Work order: The data is to be set down once more, exactly as it reads.
:: Supplied records
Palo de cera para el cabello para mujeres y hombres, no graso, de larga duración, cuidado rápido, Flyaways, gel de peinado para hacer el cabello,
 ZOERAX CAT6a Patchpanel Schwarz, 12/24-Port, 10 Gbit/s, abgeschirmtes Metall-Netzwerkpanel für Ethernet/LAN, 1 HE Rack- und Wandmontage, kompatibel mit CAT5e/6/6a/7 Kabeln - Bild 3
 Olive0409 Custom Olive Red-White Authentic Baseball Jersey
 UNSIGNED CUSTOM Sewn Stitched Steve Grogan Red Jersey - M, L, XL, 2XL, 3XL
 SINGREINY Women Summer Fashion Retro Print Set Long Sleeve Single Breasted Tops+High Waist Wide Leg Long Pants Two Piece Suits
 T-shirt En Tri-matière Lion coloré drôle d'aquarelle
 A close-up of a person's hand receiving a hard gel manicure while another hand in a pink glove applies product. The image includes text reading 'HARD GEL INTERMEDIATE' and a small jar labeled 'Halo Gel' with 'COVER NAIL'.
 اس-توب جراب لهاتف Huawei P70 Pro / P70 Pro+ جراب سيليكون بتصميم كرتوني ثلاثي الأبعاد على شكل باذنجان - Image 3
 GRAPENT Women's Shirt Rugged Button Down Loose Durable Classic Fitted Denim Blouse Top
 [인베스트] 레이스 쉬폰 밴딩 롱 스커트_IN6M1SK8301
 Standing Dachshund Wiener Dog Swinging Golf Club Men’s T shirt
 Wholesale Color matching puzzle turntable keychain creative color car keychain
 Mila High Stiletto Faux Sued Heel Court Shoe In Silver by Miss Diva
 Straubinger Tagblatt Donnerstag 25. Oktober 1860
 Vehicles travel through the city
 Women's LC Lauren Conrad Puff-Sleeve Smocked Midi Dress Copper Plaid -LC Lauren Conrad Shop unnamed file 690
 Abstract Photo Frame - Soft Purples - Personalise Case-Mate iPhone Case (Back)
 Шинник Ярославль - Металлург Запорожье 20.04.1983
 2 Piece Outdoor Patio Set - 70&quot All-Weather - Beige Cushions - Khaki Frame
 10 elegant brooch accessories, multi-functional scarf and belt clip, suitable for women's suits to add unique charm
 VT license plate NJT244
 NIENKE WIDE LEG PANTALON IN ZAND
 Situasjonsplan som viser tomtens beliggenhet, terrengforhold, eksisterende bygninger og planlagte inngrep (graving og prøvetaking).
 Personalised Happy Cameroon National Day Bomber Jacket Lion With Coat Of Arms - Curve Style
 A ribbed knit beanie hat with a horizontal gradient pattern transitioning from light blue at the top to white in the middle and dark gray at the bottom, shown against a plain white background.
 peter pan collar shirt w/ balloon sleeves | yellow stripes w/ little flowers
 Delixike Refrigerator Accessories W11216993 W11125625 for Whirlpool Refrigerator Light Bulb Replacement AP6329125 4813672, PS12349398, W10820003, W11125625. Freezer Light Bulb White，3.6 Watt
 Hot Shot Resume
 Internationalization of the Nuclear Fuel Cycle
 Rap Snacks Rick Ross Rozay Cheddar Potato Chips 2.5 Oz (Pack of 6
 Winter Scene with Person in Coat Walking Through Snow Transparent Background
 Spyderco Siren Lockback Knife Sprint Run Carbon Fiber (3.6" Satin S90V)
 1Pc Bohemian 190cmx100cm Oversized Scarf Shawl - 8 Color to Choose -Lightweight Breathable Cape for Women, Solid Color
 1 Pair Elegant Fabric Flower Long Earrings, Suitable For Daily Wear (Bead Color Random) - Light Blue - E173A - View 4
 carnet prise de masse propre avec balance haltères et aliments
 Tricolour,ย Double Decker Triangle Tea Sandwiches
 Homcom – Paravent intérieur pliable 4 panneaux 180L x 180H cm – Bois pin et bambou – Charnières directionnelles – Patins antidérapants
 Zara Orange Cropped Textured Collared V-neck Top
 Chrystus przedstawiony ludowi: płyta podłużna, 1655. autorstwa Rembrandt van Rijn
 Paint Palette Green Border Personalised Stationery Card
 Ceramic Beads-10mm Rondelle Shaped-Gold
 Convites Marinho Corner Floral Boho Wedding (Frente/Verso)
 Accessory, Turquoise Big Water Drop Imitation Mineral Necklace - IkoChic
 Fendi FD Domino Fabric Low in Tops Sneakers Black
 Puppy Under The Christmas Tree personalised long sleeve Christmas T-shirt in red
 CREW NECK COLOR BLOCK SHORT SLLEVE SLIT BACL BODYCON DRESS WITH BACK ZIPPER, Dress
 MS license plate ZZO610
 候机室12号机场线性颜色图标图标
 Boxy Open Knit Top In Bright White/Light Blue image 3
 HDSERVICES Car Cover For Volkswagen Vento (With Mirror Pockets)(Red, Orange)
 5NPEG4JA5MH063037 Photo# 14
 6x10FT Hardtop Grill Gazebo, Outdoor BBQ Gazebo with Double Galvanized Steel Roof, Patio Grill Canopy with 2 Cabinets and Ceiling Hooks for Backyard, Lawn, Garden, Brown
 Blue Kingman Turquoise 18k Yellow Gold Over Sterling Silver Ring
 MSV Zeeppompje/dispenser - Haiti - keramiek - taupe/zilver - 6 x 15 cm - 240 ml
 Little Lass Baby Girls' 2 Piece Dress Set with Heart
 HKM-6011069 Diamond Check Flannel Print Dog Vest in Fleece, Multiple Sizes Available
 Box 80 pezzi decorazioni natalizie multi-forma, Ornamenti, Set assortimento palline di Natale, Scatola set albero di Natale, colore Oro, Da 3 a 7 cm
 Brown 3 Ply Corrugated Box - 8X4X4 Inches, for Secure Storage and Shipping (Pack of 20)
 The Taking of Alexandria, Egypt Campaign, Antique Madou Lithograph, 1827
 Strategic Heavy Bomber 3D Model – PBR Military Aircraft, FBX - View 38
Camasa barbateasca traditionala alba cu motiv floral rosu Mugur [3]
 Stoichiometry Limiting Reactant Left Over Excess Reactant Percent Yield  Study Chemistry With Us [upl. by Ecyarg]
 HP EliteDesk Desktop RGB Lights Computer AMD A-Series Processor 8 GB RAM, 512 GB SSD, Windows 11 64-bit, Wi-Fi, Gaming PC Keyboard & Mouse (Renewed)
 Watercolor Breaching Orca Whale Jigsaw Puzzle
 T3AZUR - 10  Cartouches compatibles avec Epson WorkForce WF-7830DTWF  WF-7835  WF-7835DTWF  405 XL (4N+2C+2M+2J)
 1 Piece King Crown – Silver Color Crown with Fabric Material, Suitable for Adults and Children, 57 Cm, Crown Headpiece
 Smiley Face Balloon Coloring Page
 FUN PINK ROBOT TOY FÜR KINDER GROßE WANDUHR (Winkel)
::::
Answer below:
Palo de cera para el cabello para mujeres y hombres, no graso, de larga duración, cuidado rápido, Flyaways, gel de peinado para hacer el cabello,
 ZOERAX CAT6a Patchpanel Schwarz, 12/24-Port, 10 Gbit/s, abgeschirmtes Metall-Netzwerkpanel für Ethernet/LAN, 1 HE Rack- und Wandmontage, kompatibel mit CAT5e/6/6a/7 Kabeln - Bild 3
 Olive0409 Custom Olive Red-White Authentic Baseball Jersey
 UNSIGNED CUSTOM Sewn Stitched Steve Grogan Red Jersey - M, L, XL, 2XL, 3XL
 SINGREINY Women Summer Fashion Retro Print Set Long Sleeve Single Breasted Tops+High Waist Wide Leg Long Pants Two Piece Suits
 T-shirt En Tri-matière Lion coloré drôle d'aquarelle
 A close-up of a person's hand receiving a hard gel manicure while another hand in a pink glove applies product. The image includes text reading 'HARD GEL INTERMEDIATE' and a small jar labeled 'Halo Gel' with 'COVER NAIL'.
 اس-توب جراب لهاتف Huawei P70 Pro / P70 Pro+ جراب سيليكون بتصميم كرتوني ثلاثي الأبعاد على شكل باذنجان - Image 3
 GRAPENT Women's Shirt Rugged Button Down Loose Durable Classic Fitted Denim Blouse Top
 [인베스트] 레이스 쉬폰 밴딩 롱 스커트_IN6M1SK8301
 Standing Dachshund Wiener Dog Swinging Golf Club Men’s T shirt
 Wholesale Color matching puzzle turntable keychain creative color car keychain
 Mila High Stiletto Faux Sued Heel Court Shoe In Silver by Miss Diva
 Straubinger Tagblatt Donnerstag 25. Oktober 1860
 Vehicles travel through the city
 Women's LC Lauren Conrad Puff-Sleeve Smocked Midi Dress Copper Plaid -LC Lauren Conrad Shop unnamed file 690
 Abstract Photo Frame - Soft Purples - Personalise Case-Mate iPhone Case (Back)
 Шинник Ярославль - Металлург Запорожье 20.04.1983
 2 Piece Outdoor Patio Set - 70&quot All-Weather - Beige Cushions - Khaki Frame
 10 elegant brooch accessories, multi-functional scarf and belt clip, suitable for women's suits to add unique charm
 VT license plate NJT244
 NIENKE WIDE LEG PANTALON IN ZAND
 Situasjonsplan som viser tomtens beliggenhet, terrengforhold, eksisterende bygninger og planlagte inngrep (graving og prøvetaking).
 Personalised Happy Cameroon National Day Bomber Jacket Lion With Coat Of Arms - Curve Style
 A ribbed knit beanie hat with a horizontal gradient pattern transitioning from light blue at the top to white in the middle and dark gray at the bottom, shown against a plain white background.
 peter pan collar shirt w/ balloon sleeves | yellow stripes w/ little flowers
 Delixike Refrigerator Accessories W11216993 W11125625 for Whirlpool Refrigerator Light Bulb Replacement AP6329125 4813672, PS12349398, W10820003, W11125625. Freezer Light Bulb White，3.6 Watt
 Hot Shot Resume
 Internationalization of the Nuclear Fuel Cycle
 Rap Snacks Rick Ross Rozay Cheddar Potato Chips 2.5 Oz (Pack of 6
 Winter Scene with Person in Coat Walking Through Snow Transparent Background
 Spyderco Siren Lockback Knife Sprint Run Carbon Fiber (3.6" Satin S90V)
 1Pc Bohemian 190cmx100cm Oversized Scarf Shawl - 8 Color to Choose -Lightweight Breathable Cape for Women, Solid Color
 1 Pair Elegant Fabric Flower Long Earrings, Suitable For Daily Wear (Bead Color Random) - Light Blue - E173A - View 4
 carnet prise de masse propre avec balance haltères et aliments
 Tricolour,ย Double Decker Triangle Tea Sandwiches
 Homcom – Paravent intérieur pliable 4 panneaux 180L x 180H cm – Bois pin et bambou – Charnières directionnelles – Patins antidérapants
 Zara Orange Cropped Textured Collared V-neck Top
 Chrystus przedstawiony ludowi: płyta podłużna, 1655. autorstwa Rembrandt van Rijn
 Paint Palette Green Border Personalised Stationery Card
 Ceramic Beads-10mm Rondelle Shaped-Gold
 Convites Marinho Corner Floral Boho Wedding (Frente/Verso)
 Accessory, Turquoise Big Water Drop Imitation Mineral Necklace - IkoChic
 Fendi FD Domino Fabric Low in Tops Sneakers Black
 Puppy Under The Christmas Tree personalised long sleeve Christmas T-shirt in red
 CREW NECK COLOR BLOCK SHORT SLLEVE SLIT BACL BODYCON DRESS WITH BACK ZIPPER, Dress
 MS license plate ZZO610
 候机室12号机场线性颜色图标图标
 Boxy Open Knit Top In Bright White/Light Blue image 3
 HDSERVICES Car Cover For Volkswagen Vento (With Mirror Pockets)(Red, Orange)
 5NPEG4JA5MH063037 Photo# 14
 6x10FT Hardtop Grill Gazebo, Outdoor BBQ Gazebo with Double Galvanized Steel Roof, Patio Grill Canopy with 2 Cabinets and Ceiling Hooks for Backyard, Lawn, Garden, Brown
 Blue Kingman Turquoise 18k Yellow Gold Over Sterling Silver Ring
 MSV Zeeppompje/dispenser - Haiti - keramiek - taupe/zilver - 6 x 15 cm - 240 ml
 Little Lass Baby Girls' 2 Piece Dress Set with Heart
 HKM-6011069 Diamond Check Flannel Print Dog Vest in Fleece, Multiple Sizes Available
 Box 80 pezzi decorazioni natalizie multi-forma, Ornamenti, Set assortimento palline di Natale, Scatola set albero di Natale, colore Oro, Da 3 a 7 cm
 Brown 3 Ply Corrugated Box - 8X4X4 Inches, for Secure Storage and Shipping (Pack of 20)
 The Taking of Alexandria, Egypt Campaign, Antique Madou Lithograph, 1827
 Strategic Heavy Bomber 3D Model – PBR Military Aircraft, FBX - View 38
Camasa barbateasca traditionala alba cu motiv floral rosu Mugur [3]
 Stoichiometry Limiting Reactant Left Over Excess Reactant Percent Yield  Study Chemistry With Us [upl. by Ecyarg]
 HP EliteDesk Desktop RGB Lights Computer AMD A-Series Processor 8 GB RAM, 512 GB SSD, Windows 11 64-bit, Wi-Fi, Gaming PC Keyboard & Mouse (Renewed)
 Watercolor Breaching Orca Whale Jigsaw Puzzle
 T3AZUR - 10  Cartouches compatibles avec Epson WorkForce WF-7830DTWF  WF-7835  WF-7835DTWF  405 XL (4N+2C+2M+2J)
 1 Piece King Crown – Silver Color Crown with Fabric Material, Suitable for Adults and Children, 57 Cm, Crown Headpiece
 Smiley Face Balloon Coloring Page
 FUN PINK ROBOT TOY FÜR KINDER GROßE WANDUHR (Winkel)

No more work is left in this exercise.